EXERCISE DESCRIPTION: Some of the lines below need repeating. Reproduce exactly those between the lines holding "Boeing 777-200LR von" and "Disney the Princess", inclusive.
*** Opening of GIVEN RECORDS ***
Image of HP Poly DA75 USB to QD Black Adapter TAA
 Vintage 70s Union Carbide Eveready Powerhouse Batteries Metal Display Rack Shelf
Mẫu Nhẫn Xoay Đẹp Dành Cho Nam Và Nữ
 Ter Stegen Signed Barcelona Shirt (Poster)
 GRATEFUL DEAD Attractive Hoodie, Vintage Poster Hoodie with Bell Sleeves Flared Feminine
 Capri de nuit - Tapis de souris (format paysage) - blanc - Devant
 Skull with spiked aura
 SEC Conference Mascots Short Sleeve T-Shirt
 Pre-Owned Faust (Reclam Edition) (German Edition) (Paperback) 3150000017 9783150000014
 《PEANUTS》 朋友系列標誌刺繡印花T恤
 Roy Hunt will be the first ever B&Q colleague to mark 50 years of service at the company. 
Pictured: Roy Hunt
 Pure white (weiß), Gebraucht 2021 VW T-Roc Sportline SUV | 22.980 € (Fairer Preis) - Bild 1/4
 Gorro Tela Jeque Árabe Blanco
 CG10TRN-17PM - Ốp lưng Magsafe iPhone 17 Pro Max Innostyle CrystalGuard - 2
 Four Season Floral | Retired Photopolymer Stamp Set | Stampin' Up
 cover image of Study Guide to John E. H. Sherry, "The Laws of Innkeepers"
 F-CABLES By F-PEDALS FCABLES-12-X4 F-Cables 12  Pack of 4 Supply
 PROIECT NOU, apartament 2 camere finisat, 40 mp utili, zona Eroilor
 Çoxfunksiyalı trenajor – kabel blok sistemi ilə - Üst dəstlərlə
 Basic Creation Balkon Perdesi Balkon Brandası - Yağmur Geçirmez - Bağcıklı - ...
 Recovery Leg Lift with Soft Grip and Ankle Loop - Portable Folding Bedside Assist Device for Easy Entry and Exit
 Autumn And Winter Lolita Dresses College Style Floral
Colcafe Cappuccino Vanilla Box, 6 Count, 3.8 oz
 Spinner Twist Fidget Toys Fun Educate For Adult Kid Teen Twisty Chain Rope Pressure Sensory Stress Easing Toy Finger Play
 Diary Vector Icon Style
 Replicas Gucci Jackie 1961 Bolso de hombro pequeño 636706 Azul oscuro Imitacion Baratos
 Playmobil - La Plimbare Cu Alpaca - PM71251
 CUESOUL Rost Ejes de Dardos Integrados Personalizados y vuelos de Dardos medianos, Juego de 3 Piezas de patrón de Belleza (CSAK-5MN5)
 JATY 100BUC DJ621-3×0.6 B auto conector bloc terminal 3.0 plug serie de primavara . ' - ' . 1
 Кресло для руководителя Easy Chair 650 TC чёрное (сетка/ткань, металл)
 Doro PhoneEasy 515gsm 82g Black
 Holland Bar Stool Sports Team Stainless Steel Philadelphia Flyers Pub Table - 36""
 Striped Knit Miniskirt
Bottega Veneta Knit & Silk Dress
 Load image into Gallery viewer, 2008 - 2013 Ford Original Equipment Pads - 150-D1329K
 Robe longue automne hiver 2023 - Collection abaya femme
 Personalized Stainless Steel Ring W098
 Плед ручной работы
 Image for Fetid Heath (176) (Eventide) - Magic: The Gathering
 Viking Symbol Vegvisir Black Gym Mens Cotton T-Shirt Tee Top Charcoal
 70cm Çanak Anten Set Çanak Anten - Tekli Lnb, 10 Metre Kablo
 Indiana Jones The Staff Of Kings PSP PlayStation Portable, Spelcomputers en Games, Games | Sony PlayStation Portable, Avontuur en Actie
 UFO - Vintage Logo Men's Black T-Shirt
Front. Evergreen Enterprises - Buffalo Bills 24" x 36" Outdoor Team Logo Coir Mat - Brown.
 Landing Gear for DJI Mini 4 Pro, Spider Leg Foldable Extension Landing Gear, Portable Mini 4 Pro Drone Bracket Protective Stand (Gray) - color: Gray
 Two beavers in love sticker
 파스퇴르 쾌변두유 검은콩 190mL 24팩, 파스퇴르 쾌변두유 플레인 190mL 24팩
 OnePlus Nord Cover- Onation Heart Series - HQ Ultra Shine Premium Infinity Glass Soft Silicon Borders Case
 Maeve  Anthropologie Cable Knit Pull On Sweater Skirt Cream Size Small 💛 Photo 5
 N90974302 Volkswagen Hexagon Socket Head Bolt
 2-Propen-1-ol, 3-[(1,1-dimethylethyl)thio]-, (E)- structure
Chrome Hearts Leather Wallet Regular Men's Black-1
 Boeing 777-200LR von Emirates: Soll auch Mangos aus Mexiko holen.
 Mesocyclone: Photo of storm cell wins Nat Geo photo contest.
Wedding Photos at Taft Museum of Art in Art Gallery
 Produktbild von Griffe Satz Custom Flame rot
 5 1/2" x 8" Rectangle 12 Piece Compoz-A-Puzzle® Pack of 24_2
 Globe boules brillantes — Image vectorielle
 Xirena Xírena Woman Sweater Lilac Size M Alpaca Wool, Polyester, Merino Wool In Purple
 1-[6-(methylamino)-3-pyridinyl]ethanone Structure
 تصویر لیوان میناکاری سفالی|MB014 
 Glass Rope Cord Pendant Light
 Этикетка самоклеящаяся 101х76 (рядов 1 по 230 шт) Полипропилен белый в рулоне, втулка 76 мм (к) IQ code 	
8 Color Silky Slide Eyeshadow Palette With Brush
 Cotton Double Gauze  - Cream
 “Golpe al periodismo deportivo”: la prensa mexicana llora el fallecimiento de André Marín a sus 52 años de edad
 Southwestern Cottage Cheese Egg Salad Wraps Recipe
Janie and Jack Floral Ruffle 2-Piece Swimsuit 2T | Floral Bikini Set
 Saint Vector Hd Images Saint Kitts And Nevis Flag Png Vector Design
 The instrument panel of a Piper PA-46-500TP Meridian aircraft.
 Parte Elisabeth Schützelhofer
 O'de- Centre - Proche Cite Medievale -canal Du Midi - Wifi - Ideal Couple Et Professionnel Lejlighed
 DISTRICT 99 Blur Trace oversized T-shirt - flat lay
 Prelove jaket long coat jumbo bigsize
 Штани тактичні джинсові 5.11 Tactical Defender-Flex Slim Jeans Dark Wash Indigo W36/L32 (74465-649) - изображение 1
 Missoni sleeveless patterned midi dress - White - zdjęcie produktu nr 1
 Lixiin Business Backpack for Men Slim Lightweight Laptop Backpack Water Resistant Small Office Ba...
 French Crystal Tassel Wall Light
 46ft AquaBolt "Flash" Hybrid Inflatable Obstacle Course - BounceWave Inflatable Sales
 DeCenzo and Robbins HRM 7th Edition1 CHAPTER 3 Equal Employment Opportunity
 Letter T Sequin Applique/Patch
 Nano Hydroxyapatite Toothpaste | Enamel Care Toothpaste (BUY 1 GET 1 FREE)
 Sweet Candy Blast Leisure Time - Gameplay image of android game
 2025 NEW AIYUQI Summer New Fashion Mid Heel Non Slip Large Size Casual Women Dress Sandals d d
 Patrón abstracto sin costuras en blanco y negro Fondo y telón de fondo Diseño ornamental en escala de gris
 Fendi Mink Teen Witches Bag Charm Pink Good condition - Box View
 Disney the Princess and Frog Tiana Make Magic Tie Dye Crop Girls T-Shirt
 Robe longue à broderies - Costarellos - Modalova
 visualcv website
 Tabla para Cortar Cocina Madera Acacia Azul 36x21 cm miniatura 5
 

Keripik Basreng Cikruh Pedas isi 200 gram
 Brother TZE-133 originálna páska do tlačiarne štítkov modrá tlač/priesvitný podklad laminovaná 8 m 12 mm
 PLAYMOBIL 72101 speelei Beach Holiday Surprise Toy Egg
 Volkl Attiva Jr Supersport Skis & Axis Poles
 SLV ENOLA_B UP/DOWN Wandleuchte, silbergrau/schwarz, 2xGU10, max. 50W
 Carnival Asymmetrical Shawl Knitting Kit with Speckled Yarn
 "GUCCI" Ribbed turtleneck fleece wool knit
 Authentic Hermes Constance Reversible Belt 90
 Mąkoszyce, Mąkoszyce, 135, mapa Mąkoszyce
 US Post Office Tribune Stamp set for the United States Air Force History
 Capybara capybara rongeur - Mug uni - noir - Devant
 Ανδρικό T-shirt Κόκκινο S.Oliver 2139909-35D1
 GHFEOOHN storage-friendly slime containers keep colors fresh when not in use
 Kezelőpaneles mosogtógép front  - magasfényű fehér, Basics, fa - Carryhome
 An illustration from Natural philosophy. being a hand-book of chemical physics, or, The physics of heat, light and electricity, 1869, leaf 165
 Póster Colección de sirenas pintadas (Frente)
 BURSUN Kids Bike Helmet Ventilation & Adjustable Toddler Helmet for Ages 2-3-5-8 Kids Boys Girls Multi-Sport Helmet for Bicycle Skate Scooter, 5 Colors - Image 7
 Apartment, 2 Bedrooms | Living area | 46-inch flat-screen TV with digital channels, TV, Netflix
*** Close of GIVEN RECORDS ***
THE ANSWER:
 Boeing 777-200LR von Emirates: Soll auch Mangos aus Mexiko holen.
 Mesocyclone: Photo of storm cell wins Nat Geo photo contest.
Wedding Photos at Taft Museum of Art in Art Gallery
 Produktbild von Griffe Satz Custom Flame rot
 5 1/2" x 8" Rectangle 12 Piece Compoz-A-Puzzle® Pack of 24_2
 Globe boules brillantes — Image vectorielle
 Xirena Xírena Woman Sweater Lilac Size M Alpaca Wool, Polyester, Merino Wool In Purple
 1-[6-(methylamino)-3-pyridinyl]ethanone Structure
 تصویر لیوان میناکاری سفالی|MB014 
 Glass Rope Cord Pendant Light
 Этикетка самоклеящаяся 101х76 (рядов 1 по 230 шт) Полипропилен белый в рулоне, втулка 76 мм (к) IQ code 	
8 Color Silky Slide Eyeshadow Palette With Brush
 Cotton Double Gauze  - Cream
 “Golpe al periodismo deportivo”: la prensa mexicana llora el fallecimiento de André Marín a sus 52 años de edad
 Southwestern Cottage Cheese Egg Salad Wraps Recipe
Janie and Jack Floral Ruffle 2-Piece Swimsuit 2T | Floral Bikini Set
 Saint Vector Hd Images Saint Kitts And Nevis Flag Png Vector Design
 The instrument panel of a Piper PA-46-500TP Meridian aircraft.
 Parte Elisabeth Schützelhofer
 O'de- Centre - Proche Cite Medievale -canal Du Midi - Wifi - Ideal Couple Et Professionnel Lejlighed
 DISTRICT 99 Blur Trace oversized T-shirt - flat lay
 Prelove jaket long coat jumbo bigsize
 Штани тактичні джинсові 5.11 Tactical Defender-Flex Slim Jeans Dark Wash Indigo W36/L32 (74465-649) - изображение 1
 Missoni sleeveless patterned midi dress - White - zdjęcie produktu nr 1
 Lixiin Business Backpack for Men Slim Lightweight Laptop Backpack Water Resistant Small Office Ba...
 French Crystal Tassel Wall Light
 46ft AquaBolt "Flash" Hybrid Inflatable Obstacle Course - BounceWave Inflatable Sales
 DeCenzo and Robbins HRM 7th Edition1 CHAPTER 3 Equal Employment Opportunity
 Letter T Sequin Applique/Patch
 Nano Hydroxyapatite Toothpaste | Enamel Care Toothpaste (BUY 1 GET 1 FREE)
 Sweet Candy Blast Leisure Time - Gameplay image of android game
 2025 NEW AIYUQI Summer New Fashion Mid Heel Non Slip Large Size Casual Women Dress Sandals d d
 Patrón abstracto sin costuras en blanco y negro Fondo y telón de fondo Diseño ornamental en escala de gris
 Fendi Mink Teen Witches Bag Charm Pink Good condition - Box View
 Disney the Princess and Frog Tiana Make Magic Tie Dye Crop Girls T-Shirt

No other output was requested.